木の間から漏れてくる月の光を見ると、心をすり減らすような秋がやって来たのだなと思う、という歌。月の光→秋という関連する基本要素があって、前者には 「木の間から漏れてくる」月の光、後者には 「心づくしの」秋、という修飾がついている。それにより月の光は単なる 「明るさ」ではなく、光と影の照明効果であり、秋も単なる 「季節」ではなく、何か過去の記憶と結びついた周期であることを表しているように見える。

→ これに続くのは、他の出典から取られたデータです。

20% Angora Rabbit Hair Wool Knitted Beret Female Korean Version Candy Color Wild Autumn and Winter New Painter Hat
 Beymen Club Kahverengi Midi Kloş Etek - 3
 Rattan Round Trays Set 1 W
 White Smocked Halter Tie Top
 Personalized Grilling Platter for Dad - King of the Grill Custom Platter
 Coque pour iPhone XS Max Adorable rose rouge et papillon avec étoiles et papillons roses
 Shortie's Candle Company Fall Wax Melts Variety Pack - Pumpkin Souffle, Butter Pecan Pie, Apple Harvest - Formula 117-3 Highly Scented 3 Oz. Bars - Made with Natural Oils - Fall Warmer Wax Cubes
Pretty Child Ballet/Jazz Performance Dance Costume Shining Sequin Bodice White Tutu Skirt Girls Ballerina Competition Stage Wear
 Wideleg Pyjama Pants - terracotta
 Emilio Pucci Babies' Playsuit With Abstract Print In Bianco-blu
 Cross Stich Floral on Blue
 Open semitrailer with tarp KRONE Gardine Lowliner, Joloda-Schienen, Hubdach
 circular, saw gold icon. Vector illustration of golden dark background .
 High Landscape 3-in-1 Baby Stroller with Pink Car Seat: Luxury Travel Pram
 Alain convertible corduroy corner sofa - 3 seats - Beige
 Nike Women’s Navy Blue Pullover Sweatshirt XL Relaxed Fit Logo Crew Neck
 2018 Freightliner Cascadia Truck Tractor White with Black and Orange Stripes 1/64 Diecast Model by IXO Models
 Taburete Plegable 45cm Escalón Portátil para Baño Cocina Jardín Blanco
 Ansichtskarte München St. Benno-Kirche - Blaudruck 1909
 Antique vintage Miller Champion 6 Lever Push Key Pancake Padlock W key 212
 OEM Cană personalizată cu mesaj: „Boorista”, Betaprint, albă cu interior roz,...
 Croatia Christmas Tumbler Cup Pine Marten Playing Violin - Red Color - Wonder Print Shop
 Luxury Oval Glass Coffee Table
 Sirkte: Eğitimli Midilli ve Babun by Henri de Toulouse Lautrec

しかし、歌の中心である 「心づくしの秋」という表現には、それ以上の説明がないため、作者が具体的に何を思っているのかはわからない。

 
       
     
  古今和歌集の中で見るとこの歌の "秋はきにけり" は「きにけり」つながりで 208番の「今朝吹く風に 雁はきにけり」という歌に通じ、そこから 「かり」によって 418番の業平の 「かりくらし」の歌をつかまえて、その歌の最後の 「我はきにけり」で再びこの歌に戻っての三角形を閉じているようにも見える。また 「心づくし」という言葉からは 「身を尽くす」ということを 「澪標」(みをつくし)の駄洒落で言った 567番の藤原興風の「みをつくしとぞ 我はなりぬる」という歌が連想される。